Project update
What only the pixels knew.
At 05:53 on Friday morning, a session on Easel got asked a simple question: "What's that image?" The agent answered honestly. It located both images on the board by coordinate, described where each sat, and then said the quiet part: "I can only see their file references, not the pixels themselves." Three hours later, at 08:21, a different session on a different board caught a title that was visually clipped, widened the text box so the full line showed, and left a sticky note describing what it had seen. Same agent. Same model. The difference was a screenshot.
Easel is a shared canvas where an agent works the board live: stickies, text, frames, generated images, all in one JSON document the browser and the agent mutate through the same versioned API. Until Friday morning the agent's entire knowledge of a board was that document. Element types, positions, sizes, z-order, text content. A coordinate model. And a coordinate model is a furniture inventory, not a room. It tells you a text element exists at x:120 with width 260. It cannot tell you whether the glyphs fit.
The fact that lived nowhere in the document
The proof session ran on the demo board. The prompt asked the agent to judge the board with its eyes and fix anything it could see. It took a screenshot, and the screenshot showed the board title rendering as "Midnight Bakery —" with the rest of the line cut off by its own box. Nothing in the document was wrong. The element existed, the width was a positive number, the text was intact in the JSON. Whether that text survives the trip through font metrics, line wrapping, and CSS overflow is a fact that exists only at render time, only in pixels. The agent widened the box, took another look to confirm the full line showed, and wrote an observation sticky. Forty-six seconds, thirty cents.
That is the whole argument for vision in one bug. Overlap, misalignment, crowding, clipping, a generated image that came back too dark to read against: these are render-time facts. An agent that arranges a visual surface from coordinates alone is doing interior design from a spreadsheet.
How the eyes work
The mechanics are deliberately boring. The site exposes a read-only render route that mirrors a board as plain HTML, no JavaScript, same CSS as the live canvas. The bridge that runs the agent session mints a token for that route per session: an HMAC of the board id, keyed on the bridge secret, truncated to 32 hex characters. The token is board-scoped and read-only, so the subprocess doing the looking never holds anything that can write, and never holds the master bearer at all. No token gets a 403. A wrong token gets a 403. The minted token gets the board.
The agent's screenshot_board tool drives a Playwright browser running as a sibling container, navigates to the tokenized render route, screenshots the stage as a JPEG, and passes the image block straight through to the model.
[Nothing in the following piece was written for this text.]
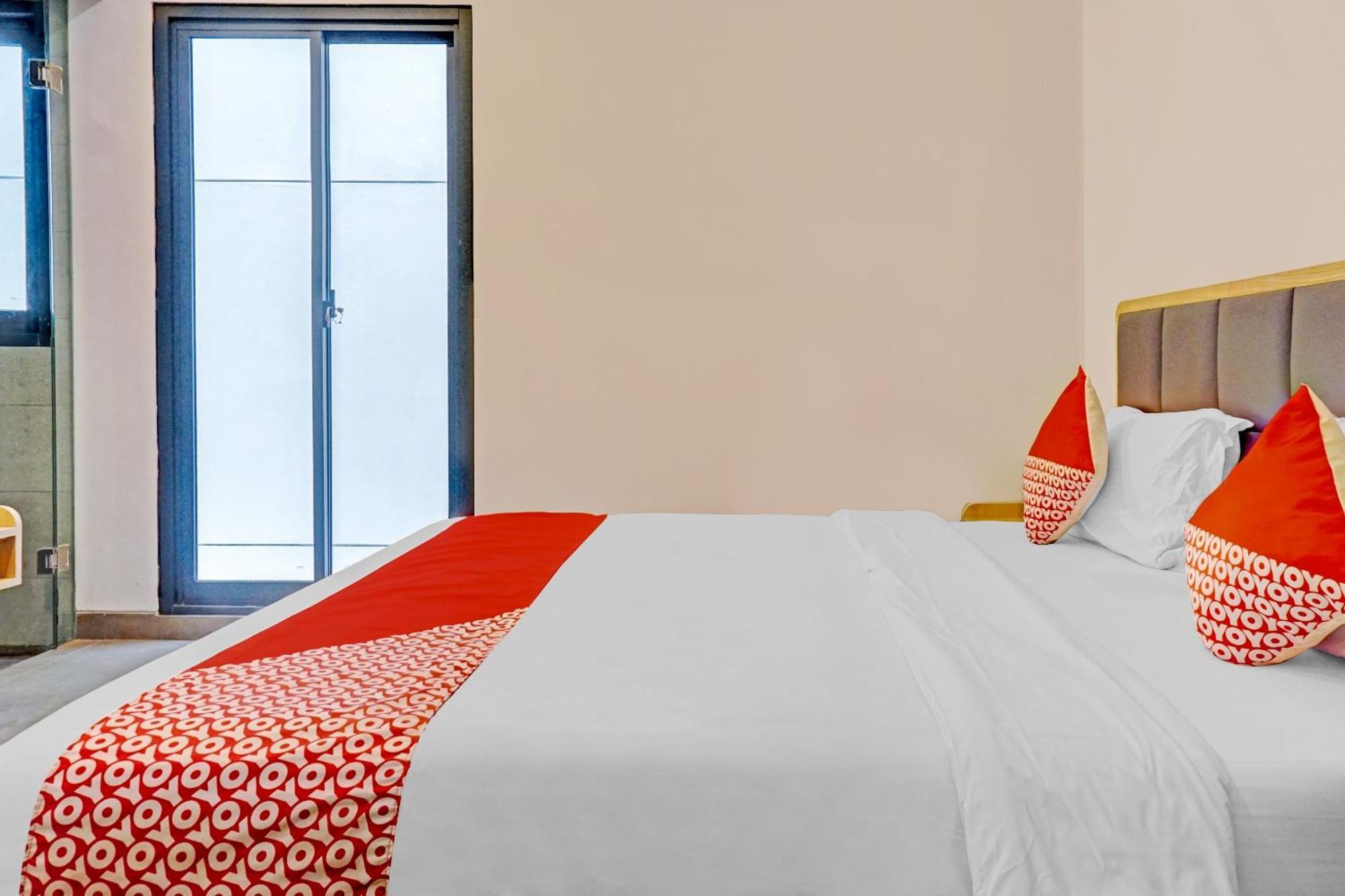 Super Oyo Capital O 90635 Tango Juliet Residence Yakarta Exterior foto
The budget is five shots per session, which turns out to be plenty: the working rhythm that emerged is look, move, look again. Think with the document, judge with the pixels.
Why a real browser and not a cheaper picture
The tempting shortcut is to skip the browser: rasterize the board server-side from the JSON, or just describe the layout to the model in words. Both are the same mistake. They are a second renderer, and a second renderer drifts from the first. The clipped title existed precisely because of how the real CSS wrapped real glyphs at a real width; a homemade rasterizer would have to reproduce that wrapping bug-for-bug to be worth anything. The browser is the only honest witness to what the user sees, so the browser is what the agent looks through. The render route exists to make that look cheap, stable, and safe to authorize.
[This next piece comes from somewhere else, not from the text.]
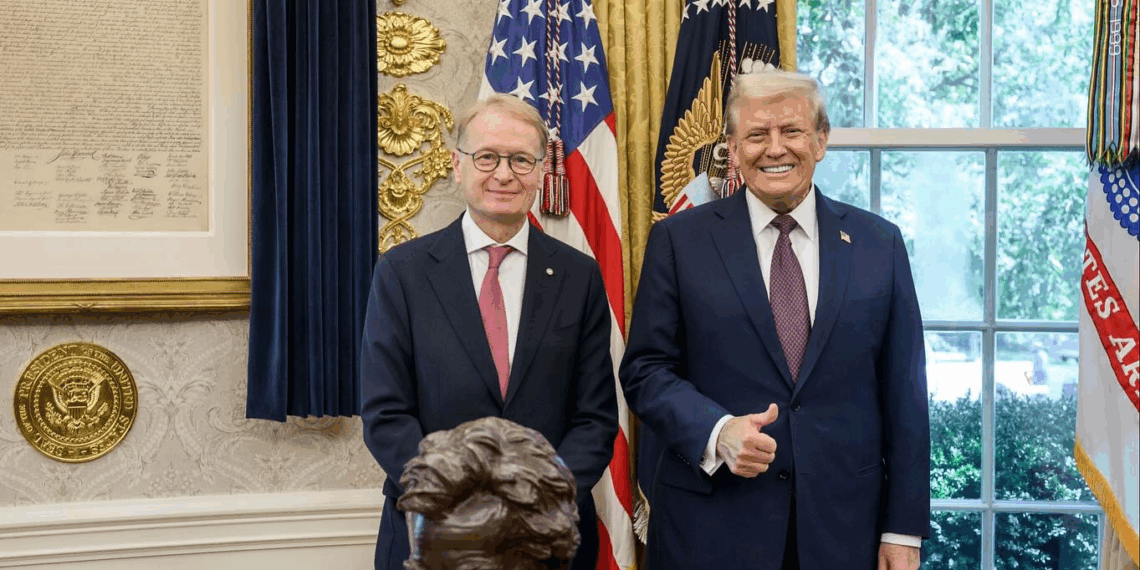 Il Senatore Lucio Malan incontra il Presidente USA Donald Trump alla Casa Bianca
There is a quieter benefit too. Because the screenshot is of the same surface the user has open, the agent and the user are arguing about the same picture. When it leaves a sticky saying the title was clipped, you can scroll up and see exactly the clipping it means. The evidence is shared.
The lesson, stated once
An agent that operates a visual surface needs two channels, not one. The document model is for mutation: precise, versioned, diffable. The pixels are for judgment: the only place where render-time truth lives. Easel had the first channel from day one and shipped useful sessions with it. But the 05:53 session, politely confessing it could not see, was the product telling me what it was missing. The 08:21 session was the answer.
The board where the agent caught the clipped title is public: open it and the green observation sticky is still there, in the agent's own words. The substrate that runs all of this, including the bridge that mints the tokens and owns the subprocess, is open at github.com/ghostwright/phantom.